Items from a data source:

::::

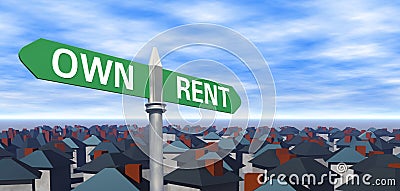 Own or Rent Sign with Houses Stock Photo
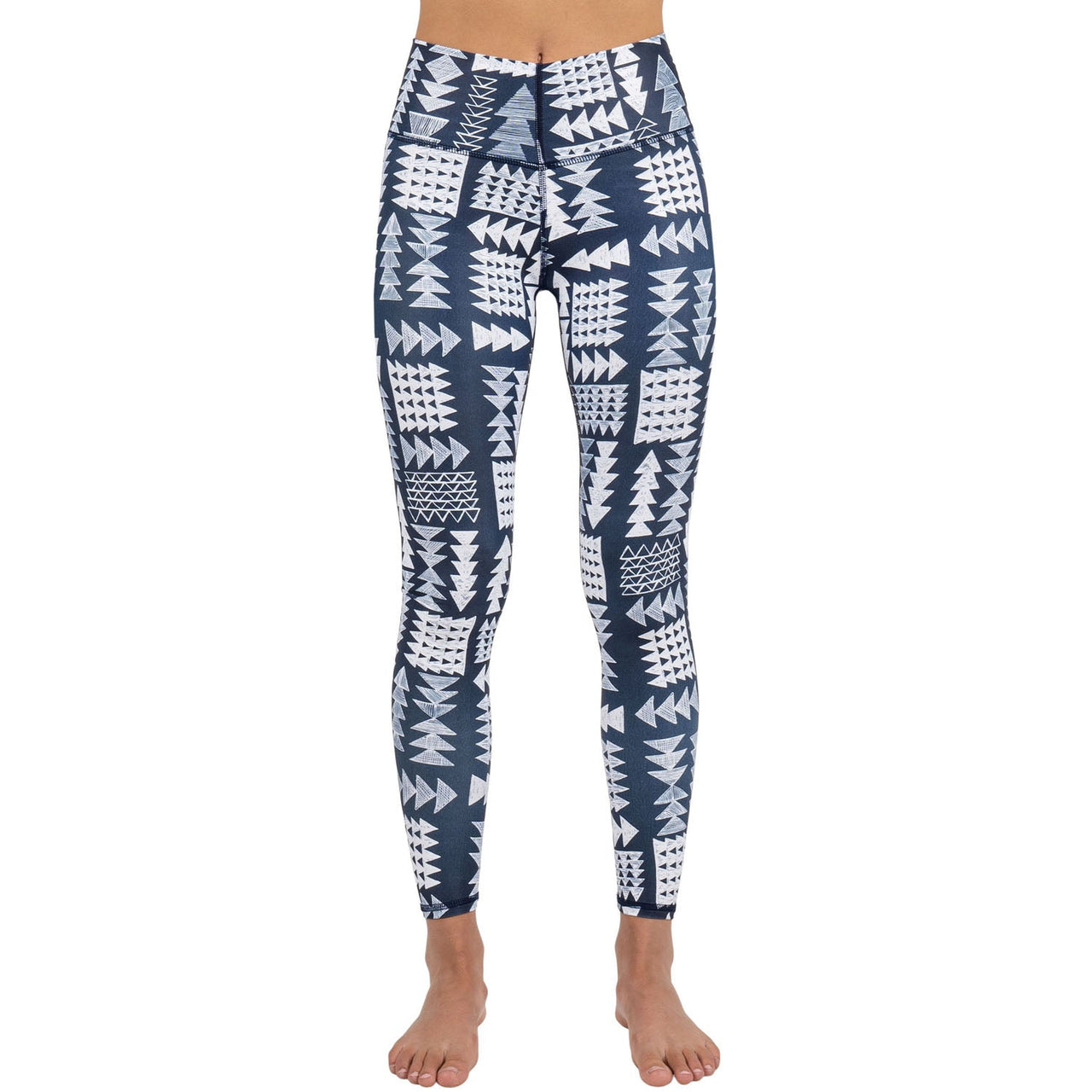 Blue and white geometric print base layer leggings with slim ankle-length fit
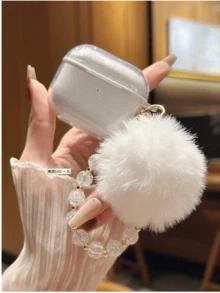 闪亮耳机盒配毛球吊饰串珠链AirPods4/1/2/3/Pro/Pro2 - 彩色 - 查看 9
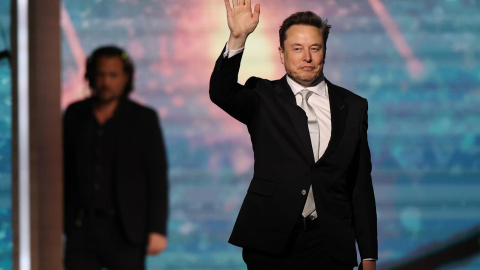 Elon Musk presenta su nuevo partido. El multimillonario Elon Musk en el foro de inversión celebrado en Arabia Saudí, a 13 de mayo de 2025.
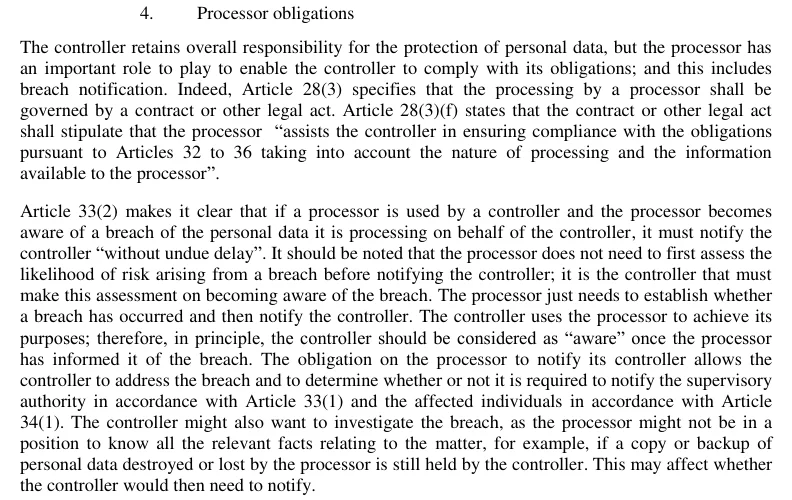 Screenshot of WP29 breach notification guidelines, page 13, Processor obligations section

::::

Required action: From the first line above down to the line with "闪亮耳机盒配毛球吊饰串珠链AirPods4/1/2/3/Pro/Pro2 - 彩色", reproduce every line and no others, omitting pictures.

Solved exercise:
 Own or Rent Sign with Houses Stock Photo
 Blue and white geometric print base layer leggings with slim ankle-length fit
 闪亮耳机盒配毛球吊饰串珠链AirPods4/1/2/3/Pro/Pro2 - 彩色 - 查看 9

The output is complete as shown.